Comment l'un des hommes les plus puissants de la planète est-il parvenu à prendre tout le monde à contre-pied? Jusqu'à la veille de ce fameux 24 février 2022, nombreux étaient ceux qui ne voulaient pas croire au scénario de l'invasion russe de l'Ukraine. Et ce en dépit d'avertissements répétés venus du renseignement américain.
C'est le cas du Fribourgeois Yves Rossier, ancien ambassadeur de Suisse en Russie. Le 20 février 2022, il accordait encore une interview à Blick et se montrait irrité: «Que la presse anglo-saxonne peigne le diable sur la muraille, ça m'agace!»
Le diplomate était invité à réagir sur des informations de l'hebdomadaire américain «Newsweek» et du journal britannique «The Daily Telegraph». Deux journaux qui, aux yeux d'Yves Rossier, agissaient comme une «secte qui ne cesse d'annoncer la fin du monde».
Mauvais timing du Conseil fédéral
De l'autre côté du Rhin, l'ancienne cheffe de la gauche allemande, Sahra Wagenknecht, n'a cessé de défendre Vladimir Poutine jusqu'à l'invasion. «Non, ce n'est pas un nationaliste russe fou qui a le rêve d'étendre les frontières de son pays», affirmait-elle avec assurance.

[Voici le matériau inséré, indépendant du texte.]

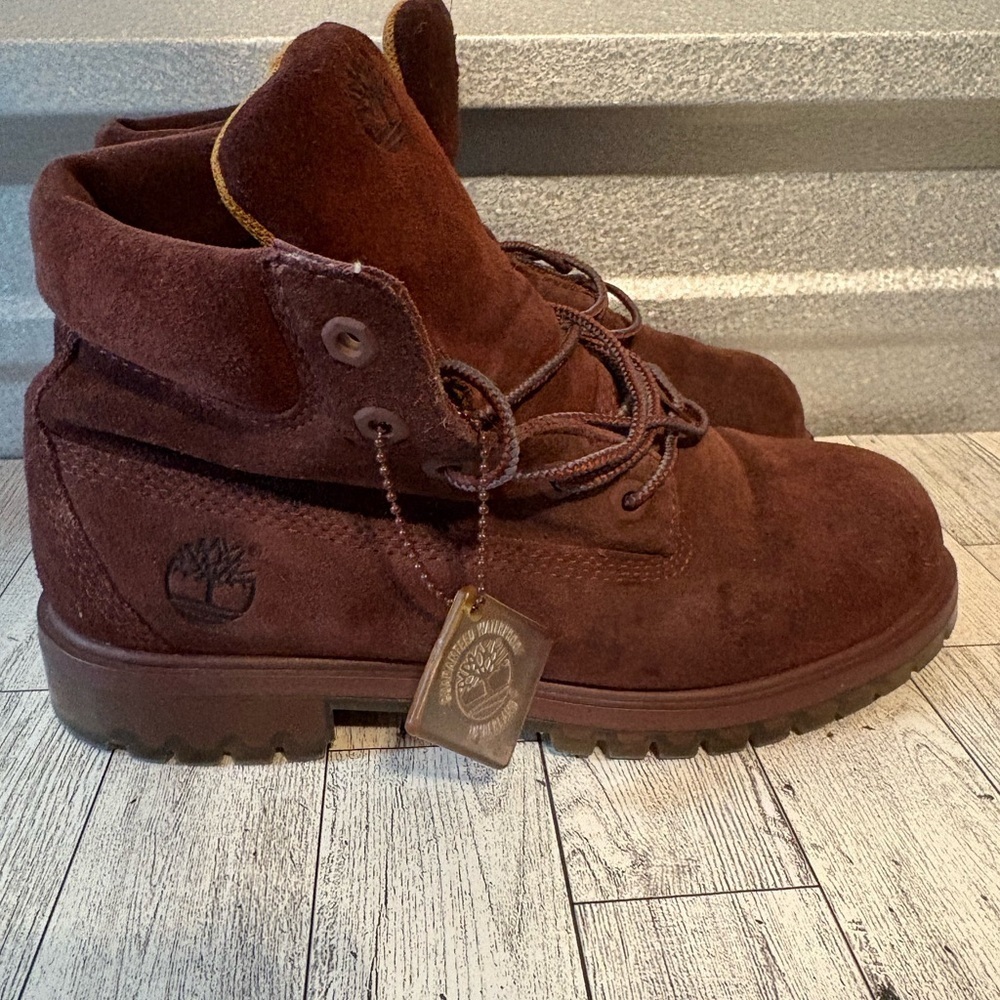 Timberland Dark Brown Suede Boots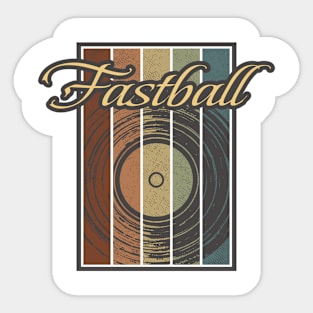 Fastball Vynil Silhouette Sticker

Une déclaration qui paraît bien mal avisée un an plus tard, mais qui reflète la position suisse. Le Conseil fédéral avait lui aussi mal évalué la menace — ou ne voulait pas que sa politique économique soit mise en danger par des bruits de botte.
En janvier 2022 encore, soit six semaines avant l'invasion et alors que l'armée russe était déjà déployée en Biélorussie, Berne renforçait ses liens économiques avec Moscou. La Suisse décidait via une déclaration d'intention de collaborer plus étroitement avec la Russie dans le domaine de l'économie agricole.
Le téléphone inutile de Macron
Il faut dire que le Kremlin a, jusqu'au bout, nié tout projet d'invasion. Vladimir Poutine le déclarait encore une semaine avant son ordre de guerre: «Nous sommes prêts à emprunter la voie des négociations.» Et à Washington, Anatoli Antonov, ambassadeur russe aux États-Unis, rassurait: «Il n'y a pas d'invasion, et il n'y a pas non plus de tels projets.»
Emmanuel Macron a tout tenté pour éviter ce scénario sanglant. Quatre jours avant le 24 février, le président français s'entretenait avec Vladimir Poutine au téléphone. Un échange intensif à l'issue duquel l'Élysée assurait que le président américain, Joe Biden, s'était mis d'accord avec son homologue russe sur le principe de la tenue d'un sommet. «Les ministres des Affaires étrangères américain et russe doivent s'entretenir à ce sujet jeudi», communiquait alors le pouvoir français.
Cette rencontre n'a jamais eu lieu. Lorsque Vladimir Poutine a reconnu et proclamé l'indépendance des régions ukrainiennes de Donetsk et de Lougansk le soir du 21 février, même les plus sceptiques savaient que cela devait constituer le prétexte d'une guerre et qu'une invasion était clairement imminente.
Yves Rossier reconnaît son erreur
Les Américains et les Britanniques en particulier, avec leurs services secrets bien informés, avaient déjà mis en garde contre cette éventualité depuis des semaines. Ainsi, six jours avant le début de la guerre, le président américain, Joe Biden, avait déclaré avec insistance que Poutine allait attaquer «dans les prochains jours». Les Russes ne se contenteraient en aucun cas de l'Ukraine orientale, expliquait le président américain: «Nous pensons qu'ils vont attaquer la capitale ukrainienne, Kiev, une ville de 2,8 millions d'habitants innocents.»
Le Premier ministre britannique de l'époque, Boris Johnson, s'attendait également au pire, trois jours avant l'invasion. Dans une interview à la BBC, il assurait: «Je dois malheureusement dire que le plan que nous voyons est, en termes d'ampleur, quelque chose qui pourrait vraiment être la plus grande guerre en Europe depuis 1945». Il craignait que la Russie ne mette en scène un incident afin d'encercler Kiev dans un mouvement de tenailles.
Tant Joe Biden que Boris Johnson avaient raison. Le jeudi 24 février, à 4h du matin (heure suisse), Poutine sonnait l'attaque contre l'Ukraine. Ceux qui avaient douté de l'invasion ont dû faire acte de contrition. Yves Rossier n'a pas attendu longtemps avant de reconnaître son erreur. «Il me semblait qu'une action limitée était envisageable. Mais ce qui se passe actuellement en Ukraine? Pas du tout.»